Collection entries
"""

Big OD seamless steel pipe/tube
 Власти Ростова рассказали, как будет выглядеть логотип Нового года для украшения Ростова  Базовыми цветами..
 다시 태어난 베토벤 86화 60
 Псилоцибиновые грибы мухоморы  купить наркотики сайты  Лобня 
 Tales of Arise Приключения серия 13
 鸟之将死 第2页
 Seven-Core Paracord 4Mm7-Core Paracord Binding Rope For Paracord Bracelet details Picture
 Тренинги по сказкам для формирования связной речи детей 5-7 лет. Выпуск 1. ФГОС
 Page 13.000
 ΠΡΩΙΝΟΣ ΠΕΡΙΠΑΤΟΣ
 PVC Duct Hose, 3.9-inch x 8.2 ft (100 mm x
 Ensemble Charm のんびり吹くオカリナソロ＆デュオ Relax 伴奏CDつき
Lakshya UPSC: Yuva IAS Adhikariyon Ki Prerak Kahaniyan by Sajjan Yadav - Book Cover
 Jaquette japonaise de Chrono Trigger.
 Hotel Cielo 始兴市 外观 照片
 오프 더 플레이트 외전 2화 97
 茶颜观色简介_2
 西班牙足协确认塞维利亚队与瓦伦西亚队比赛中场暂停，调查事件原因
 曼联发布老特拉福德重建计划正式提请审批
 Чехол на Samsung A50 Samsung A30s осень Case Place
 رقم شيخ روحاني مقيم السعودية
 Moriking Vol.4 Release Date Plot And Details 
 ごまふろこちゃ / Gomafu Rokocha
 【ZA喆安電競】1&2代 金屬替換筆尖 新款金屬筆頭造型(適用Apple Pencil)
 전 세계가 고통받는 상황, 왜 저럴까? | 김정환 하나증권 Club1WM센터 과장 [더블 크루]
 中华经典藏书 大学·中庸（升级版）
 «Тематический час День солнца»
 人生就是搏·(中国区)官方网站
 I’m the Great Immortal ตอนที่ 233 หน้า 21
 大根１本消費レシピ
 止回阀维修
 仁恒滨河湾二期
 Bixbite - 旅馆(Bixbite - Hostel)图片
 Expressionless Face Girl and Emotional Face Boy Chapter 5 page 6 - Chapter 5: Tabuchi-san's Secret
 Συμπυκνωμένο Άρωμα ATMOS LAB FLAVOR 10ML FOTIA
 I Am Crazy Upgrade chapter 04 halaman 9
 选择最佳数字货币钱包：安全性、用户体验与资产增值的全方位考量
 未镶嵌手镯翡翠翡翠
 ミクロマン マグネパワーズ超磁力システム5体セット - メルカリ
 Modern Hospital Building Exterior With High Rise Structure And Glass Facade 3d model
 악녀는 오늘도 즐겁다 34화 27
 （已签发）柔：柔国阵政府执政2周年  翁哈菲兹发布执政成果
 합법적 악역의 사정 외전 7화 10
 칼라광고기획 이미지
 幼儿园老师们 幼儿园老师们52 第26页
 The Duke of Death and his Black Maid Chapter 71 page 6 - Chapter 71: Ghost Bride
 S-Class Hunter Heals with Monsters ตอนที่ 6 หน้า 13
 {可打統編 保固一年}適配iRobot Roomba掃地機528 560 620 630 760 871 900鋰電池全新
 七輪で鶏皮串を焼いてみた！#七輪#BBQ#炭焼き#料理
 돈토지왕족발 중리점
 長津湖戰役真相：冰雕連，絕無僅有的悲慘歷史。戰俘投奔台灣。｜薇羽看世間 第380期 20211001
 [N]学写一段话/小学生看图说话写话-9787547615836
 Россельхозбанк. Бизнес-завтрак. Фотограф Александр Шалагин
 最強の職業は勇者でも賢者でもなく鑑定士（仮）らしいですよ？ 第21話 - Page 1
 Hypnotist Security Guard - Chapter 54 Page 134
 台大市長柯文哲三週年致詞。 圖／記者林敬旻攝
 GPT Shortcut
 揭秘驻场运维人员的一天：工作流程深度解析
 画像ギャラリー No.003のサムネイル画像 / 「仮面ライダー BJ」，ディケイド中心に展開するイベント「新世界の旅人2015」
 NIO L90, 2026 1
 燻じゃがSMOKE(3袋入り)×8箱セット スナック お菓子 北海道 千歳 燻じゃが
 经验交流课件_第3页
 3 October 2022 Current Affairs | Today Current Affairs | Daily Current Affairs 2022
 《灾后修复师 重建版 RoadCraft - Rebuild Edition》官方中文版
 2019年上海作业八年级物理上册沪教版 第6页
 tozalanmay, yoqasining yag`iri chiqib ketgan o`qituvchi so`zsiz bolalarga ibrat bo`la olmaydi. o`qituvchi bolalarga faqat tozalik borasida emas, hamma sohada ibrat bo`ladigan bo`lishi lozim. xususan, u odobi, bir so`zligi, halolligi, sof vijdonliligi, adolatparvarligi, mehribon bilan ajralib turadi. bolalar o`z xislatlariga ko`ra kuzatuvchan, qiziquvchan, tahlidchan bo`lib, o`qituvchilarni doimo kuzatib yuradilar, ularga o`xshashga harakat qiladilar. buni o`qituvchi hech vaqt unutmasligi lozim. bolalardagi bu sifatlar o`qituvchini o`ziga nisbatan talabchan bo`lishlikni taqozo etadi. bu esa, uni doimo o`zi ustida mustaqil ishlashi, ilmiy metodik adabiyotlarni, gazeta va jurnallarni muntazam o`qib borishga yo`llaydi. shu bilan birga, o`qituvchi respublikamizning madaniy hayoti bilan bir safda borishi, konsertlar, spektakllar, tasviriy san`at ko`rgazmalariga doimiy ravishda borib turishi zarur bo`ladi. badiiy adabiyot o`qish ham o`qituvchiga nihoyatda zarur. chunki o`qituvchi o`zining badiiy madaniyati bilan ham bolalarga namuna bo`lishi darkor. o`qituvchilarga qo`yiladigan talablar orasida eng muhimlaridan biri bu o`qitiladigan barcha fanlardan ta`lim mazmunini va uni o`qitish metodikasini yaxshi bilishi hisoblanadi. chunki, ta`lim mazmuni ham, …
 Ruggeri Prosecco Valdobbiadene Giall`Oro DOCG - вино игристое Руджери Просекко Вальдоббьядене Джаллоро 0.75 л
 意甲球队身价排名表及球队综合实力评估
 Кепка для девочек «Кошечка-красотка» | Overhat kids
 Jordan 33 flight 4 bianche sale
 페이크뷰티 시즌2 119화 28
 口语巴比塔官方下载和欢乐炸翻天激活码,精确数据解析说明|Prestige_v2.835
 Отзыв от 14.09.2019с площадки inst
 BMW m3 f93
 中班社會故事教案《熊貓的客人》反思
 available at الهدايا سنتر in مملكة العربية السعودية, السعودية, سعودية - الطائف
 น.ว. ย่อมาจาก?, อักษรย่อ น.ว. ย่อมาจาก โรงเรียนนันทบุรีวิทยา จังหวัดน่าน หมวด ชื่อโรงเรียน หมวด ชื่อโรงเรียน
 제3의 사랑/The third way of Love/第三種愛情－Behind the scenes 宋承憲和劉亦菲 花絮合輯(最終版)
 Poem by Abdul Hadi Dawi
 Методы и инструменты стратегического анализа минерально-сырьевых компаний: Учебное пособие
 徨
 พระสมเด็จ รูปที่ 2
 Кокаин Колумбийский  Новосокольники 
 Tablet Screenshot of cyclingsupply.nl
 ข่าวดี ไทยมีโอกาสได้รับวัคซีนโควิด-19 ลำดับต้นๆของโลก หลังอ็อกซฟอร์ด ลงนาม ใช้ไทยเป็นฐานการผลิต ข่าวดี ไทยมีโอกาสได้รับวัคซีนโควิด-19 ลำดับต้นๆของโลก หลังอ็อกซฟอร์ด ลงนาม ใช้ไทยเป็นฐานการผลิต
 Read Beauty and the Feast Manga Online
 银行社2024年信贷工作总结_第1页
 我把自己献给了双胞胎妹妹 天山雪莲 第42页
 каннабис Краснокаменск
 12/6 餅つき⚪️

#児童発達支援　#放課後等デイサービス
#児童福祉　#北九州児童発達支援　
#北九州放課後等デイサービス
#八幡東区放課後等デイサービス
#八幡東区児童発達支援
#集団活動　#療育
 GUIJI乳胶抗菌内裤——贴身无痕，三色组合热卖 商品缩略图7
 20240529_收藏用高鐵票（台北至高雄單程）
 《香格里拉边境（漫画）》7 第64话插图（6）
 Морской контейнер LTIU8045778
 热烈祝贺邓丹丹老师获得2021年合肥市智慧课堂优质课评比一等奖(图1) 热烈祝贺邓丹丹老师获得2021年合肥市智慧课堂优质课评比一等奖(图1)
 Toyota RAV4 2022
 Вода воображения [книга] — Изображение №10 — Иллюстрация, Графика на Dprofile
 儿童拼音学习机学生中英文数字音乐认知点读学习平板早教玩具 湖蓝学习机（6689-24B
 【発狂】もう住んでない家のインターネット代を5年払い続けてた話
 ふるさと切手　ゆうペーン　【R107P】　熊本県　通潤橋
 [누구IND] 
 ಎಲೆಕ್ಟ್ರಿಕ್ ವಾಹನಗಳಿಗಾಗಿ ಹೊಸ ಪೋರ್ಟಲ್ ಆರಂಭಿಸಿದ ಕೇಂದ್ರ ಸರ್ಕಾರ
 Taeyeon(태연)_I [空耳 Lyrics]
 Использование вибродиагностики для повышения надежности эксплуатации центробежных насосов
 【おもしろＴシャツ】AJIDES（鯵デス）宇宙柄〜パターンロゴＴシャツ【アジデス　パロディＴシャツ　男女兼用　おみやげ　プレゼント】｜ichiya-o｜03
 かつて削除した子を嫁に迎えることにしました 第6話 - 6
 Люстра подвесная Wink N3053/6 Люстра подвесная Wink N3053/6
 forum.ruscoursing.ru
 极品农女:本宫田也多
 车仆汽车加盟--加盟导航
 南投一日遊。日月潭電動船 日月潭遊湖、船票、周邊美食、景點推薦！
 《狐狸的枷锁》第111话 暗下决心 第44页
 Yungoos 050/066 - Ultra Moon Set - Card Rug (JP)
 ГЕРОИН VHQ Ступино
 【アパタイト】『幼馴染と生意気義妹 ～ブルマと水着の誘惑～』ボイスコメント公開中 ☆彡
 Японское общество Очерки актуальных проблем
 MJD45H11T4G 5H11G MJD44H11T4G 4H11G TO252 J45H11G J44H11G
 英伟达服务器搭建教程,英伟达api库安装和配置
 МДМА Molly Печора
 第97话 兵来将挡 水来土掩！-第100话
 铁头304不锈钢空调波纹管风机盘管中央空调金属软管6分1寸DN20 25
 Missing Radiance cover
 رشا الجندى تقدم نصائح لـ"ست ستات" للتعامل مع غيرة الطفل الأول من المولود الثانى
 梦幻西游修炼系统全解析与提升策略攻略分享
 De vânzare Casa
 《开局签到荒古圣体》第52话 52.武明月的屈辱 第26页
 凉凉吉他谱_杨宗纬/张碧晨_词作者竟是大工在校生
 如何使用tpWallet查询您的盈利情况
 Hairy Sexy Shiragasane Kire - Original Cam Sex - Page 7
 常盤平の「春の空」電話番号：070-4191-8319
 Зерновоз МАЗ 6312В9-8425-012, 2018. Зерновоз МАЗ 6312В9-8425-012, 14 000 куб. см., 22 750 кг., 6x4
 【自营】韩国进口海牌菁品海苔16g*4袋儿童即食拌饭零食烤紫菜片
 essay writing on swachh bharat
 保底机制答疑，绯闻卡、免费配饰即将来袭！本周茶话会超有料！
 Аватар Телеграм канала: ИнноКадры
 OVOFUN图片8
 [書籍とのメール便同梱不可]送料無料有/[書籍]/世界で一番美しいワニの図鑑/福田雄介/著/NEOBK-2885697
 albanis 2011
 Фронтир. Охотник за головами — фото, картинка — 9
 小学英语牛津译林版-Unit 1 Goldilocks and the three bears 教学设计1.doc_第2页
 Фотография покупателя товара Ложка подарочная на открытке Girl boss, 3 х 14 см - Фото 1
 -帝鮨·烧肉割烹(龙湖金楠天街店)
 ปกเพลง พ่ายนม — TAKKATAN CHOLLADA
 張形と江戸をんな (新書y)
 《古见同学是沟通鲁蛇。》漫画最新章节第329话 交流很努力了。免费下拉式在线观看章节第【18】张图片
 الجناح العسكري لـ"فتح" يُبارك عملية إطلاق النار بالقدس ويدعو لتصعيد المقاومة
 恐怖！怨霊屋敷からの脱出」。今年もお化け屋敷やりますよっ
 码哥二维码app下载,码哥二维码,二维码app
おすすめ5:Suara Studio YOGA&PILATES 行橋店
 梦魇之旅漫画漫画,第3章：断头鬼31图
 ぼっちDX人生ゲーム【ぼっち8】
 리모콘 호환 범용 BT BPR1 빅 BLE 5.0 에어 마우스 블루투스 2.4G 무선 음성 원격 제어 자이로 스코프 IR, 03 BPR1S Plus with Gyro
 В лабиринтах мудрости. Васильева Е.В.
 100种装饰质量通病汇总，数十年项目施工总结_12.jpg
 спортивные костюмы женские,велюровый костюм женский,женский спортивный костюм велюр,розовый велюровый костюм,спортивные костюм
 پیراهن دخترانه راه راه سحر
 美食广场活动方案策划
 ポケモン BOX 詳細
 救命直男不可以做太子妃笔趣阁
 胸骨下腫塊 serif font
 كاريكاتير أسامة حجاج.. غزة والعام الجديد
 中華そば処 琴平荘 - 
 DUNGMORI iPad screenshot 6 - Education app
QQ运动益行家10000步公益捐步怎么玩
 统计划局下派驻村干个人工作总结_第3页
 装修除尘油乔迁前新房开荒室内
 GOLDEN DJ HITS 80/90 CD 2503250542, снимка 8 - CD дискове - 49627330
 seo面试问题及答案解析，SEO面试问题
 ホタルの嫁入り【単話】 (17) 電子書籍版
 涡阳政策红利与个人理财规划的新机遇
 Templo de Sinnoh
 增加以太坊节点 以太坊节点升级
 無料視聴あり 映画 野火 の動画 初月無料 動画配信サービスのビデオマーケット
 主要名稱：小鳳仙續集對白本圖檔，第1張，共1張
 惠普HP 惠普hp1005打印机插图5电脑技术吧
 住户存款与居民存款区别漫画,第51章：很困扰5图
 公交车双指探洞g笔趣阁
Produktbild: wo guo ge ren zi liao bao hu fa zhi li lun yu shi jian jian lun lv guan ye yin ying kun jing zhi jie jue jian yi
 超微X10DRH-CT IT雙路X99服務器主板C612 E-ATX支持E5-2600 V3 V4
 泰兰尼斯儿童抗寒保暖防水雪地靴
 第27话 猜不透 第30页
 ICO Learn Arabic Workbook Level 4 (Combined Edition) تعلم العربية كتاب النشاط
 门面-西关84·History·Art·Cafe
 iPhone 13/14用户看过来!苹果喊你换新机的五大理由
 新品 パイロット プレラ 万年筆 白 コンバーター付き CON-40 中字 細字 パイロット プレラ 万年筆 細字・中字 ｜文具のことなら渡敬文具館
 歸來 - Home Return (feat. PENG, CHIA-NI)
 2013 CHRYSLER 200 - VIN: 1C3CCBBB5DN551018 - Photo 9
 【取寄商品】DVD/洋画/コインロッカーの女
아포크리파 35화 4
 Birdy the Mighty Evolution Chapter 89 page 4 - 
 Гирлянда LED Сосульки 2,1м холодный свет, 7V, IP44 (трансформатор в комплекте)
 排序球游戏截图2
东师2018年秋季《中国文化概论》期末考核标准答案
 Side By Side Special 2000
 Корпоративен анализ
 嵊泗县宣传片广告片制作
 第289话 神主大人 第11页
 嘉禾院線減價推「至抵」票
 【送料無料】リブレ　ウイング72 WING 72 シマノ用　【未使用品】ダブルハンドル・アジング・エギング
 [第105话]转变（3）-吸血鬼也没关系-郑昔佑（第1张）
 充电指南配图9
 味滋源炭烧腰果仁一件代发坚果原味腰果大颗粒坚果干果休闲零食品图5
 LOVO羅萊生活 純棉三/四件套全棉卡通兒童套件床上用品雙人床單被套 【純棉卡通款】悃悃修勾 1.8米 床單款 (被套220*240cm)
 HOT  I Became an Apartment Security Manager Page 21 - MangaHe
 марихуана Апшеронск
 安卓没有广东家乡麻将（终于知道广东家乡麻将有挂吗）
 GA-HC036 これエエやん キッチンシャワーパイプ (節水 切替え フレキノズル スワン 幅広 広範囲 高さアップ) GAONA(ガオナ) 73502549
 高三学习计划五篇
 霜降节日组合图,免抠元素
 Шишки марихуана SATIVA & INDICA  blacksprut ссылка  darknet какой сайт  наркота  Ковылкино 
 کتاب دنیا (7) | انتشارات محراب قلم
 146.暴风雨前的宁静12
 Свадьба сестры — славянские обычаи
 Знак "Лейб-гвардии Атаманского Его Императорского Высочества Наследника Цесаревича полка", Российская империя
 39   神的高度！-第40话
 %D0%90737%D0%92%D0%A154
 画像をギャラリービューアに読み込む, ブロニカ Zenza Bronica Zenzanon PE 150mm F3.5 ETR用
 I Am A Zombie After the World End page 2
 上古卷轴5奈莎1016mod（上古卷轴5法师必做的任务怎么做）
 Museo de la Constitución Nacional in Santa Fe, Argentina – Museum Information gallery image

"""

◆ Exercise prompt
The first line of the entries, the line with "Ensemble Charm のんびり吹くオカリナソロ＆デュオ Relax 伴奏CDつき", and every line between them should be retyped exactly, and nothing else.

◆ Result of the task
Big OD seamless steel pipe/tube
 Власти Ростова рассказали, как будет выглядеть логотип Нового года для украшения Ростова  Базовыми цветами..
 다시 태어난 베토벤 86화 60
 Псилоцибиновые грибы мухоморы  купить наркотики сайты  Лобня 
 Tales of Arise Приключения серия 13
 鸟之将死 第2页
 Seven-Core Paracord 4Mm7-Core Paracord Binding Rope For Paracord Bracelet details Picture
 Тренинги по сказкам для формирования связной речи детей 5-7 лет. Выпуск 1. ФГОС
 Page 13.000
 ΠΡΩΙΝΟΣ ΠΕΡΙΠΑΤΟΣ
 PVC Duct Hose, 3.9-inch x 8.2 ft (100 mm x
 Ensemble Charm のんびり吹くオカリナソロ＆デュオ Relax 伴奏CDつき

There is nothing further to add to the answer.